There's been a related discussion in 2006. I am now wondering whether any sort of solution or a workaround has arrived today.
You just tag the type when you serialize, and use a dictionary to untag the type when you deserialize. Here's some pseudocode omitting error checking etc:
serialAnyNode (AnyNode x) = serialize (typeOf n, serialize x)
deserialAnyNode s = case deserialize s of
(typ,bs) -> case typ of
"String" -> AnyNode (deserialize bs :: String)
"Int" -> AnyNode (deserialize bs :: Int)
....
Note that you can only deserialize a closed universe of types with your function. With some extra work, you can also deserialize derived types like tuples, maybes and eithers.

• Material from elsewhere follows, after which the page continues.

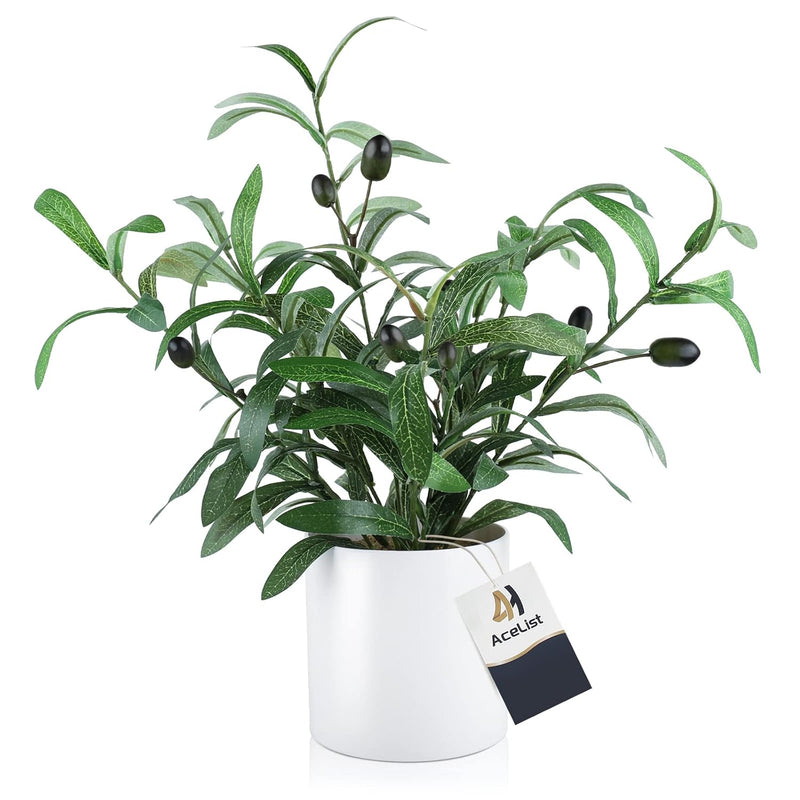 Artificial Mini Olive Tree, 16.5 Inch Nearly Natural Fake Tree Potted Plants,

But if I were to declare an entirely new type "Gotcha" deriving Typeable and Serialize, deserialAnyNode of course couldn't deal with it without extension.
You need to have some kind of centralised "registry" of deserialization functions so you can dispatch on the actual type (extracted from the Typeable information). If all types you want to deserialize are in the same module this is pretty easy to set up. If they are in multiple modules you need to have one module that has the mapping.

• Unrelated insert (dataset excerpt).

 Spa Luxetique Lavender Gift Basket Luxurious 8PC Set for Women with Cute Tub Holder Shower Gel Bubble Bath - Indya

If your collection of types is more dynamic and not easily available at compile time, you can perhaps use the dynamic linking to gain access to the deserializers. For each type that you want to deserialize you export a C callable function with a name derived from the Typeable information (you could use TH to generate these). Then at runtime, when you want to deserialize a type, generate the same name and the use the dynamic linker to get hold of the address of the function and then an FFI wrapper to get a Haskell callable function. This is a rather involved process, but it can be wrapped up in a library. No, sorry, I don't have such a library.
It's hard to tell what you're asking here, exactly. You can certainly pick a particular type T, deserialize a ByteString to it, and store it in an AnyNode. That doesn't do the user of an AnyNode much good, though -- you still picked T, after all. If it wasn't for the Typeable constraint, the user wouldn't even be able to tell what the type is (so let's get rid of the Typeable constraint because it makes things messier). Maybe what you want is a universal instead of an existential.
Let's split Serialize up into two classes -- call them Read and Show -- and simplify them a bit (so e.g. read can't fail).
So we have
class Show a where show :: a -> String
class Read a where read :: String -> a
We can make an existential container for a Show-able value:
data ShowEx where
ShowEx :: forall a. Show a => a -> ShowEx
-- non-GADT: data ShowEx = forall a. Show a => ShowEx a
But of course ShowEx is isomorphic to String, so there isn't a whole lot point to this. But note that an existential for Read is has even less point:
data ReadEx where
ReadEx :: forall a. Read a => a -> ReadEx
-- non-GADT: data ReadEx = forall a. Read a => ReadEx a
When I give you a ReadEx -- i.e. ∃a. Read a *> a -- it means that you have a value of some type, and you don't know what the type is, but you can a String into another value of the same type. But you can't do anything with it! read only produces as, but that doesn't do you any good when you don't know what a is.
What you might want with Read would be a type that lets the caller choose -- i.e., a universal. Something like
newtype ReadUn where
ReadUn :: (forall a. Read a => a) -> ReadUn
-- non-GADT: newtype ReadUn = ReadUn (forall a. Read a => a)
(Like ReadEx, you could make ShowUn -- i.e. ∀a. Show a => a -- and it would be just as useless.)
Note that ShowEx is essentially the argument to show -- i.e. show :: (∃a. Show a *> a) -> String -- and ReadUn is essentially the return value of read -- i.e. read :: String -> (∀a. Read a => a).
So what are you asking for, an existential or a universal? You can certainly make something like ∀a. (Show a, Read a) => a or ∃a. (Show a, Read a) *> a, but neither does you much good here. The real issue is the quantifier.
(I asked a question a while ago where I talked about some of this in another context.)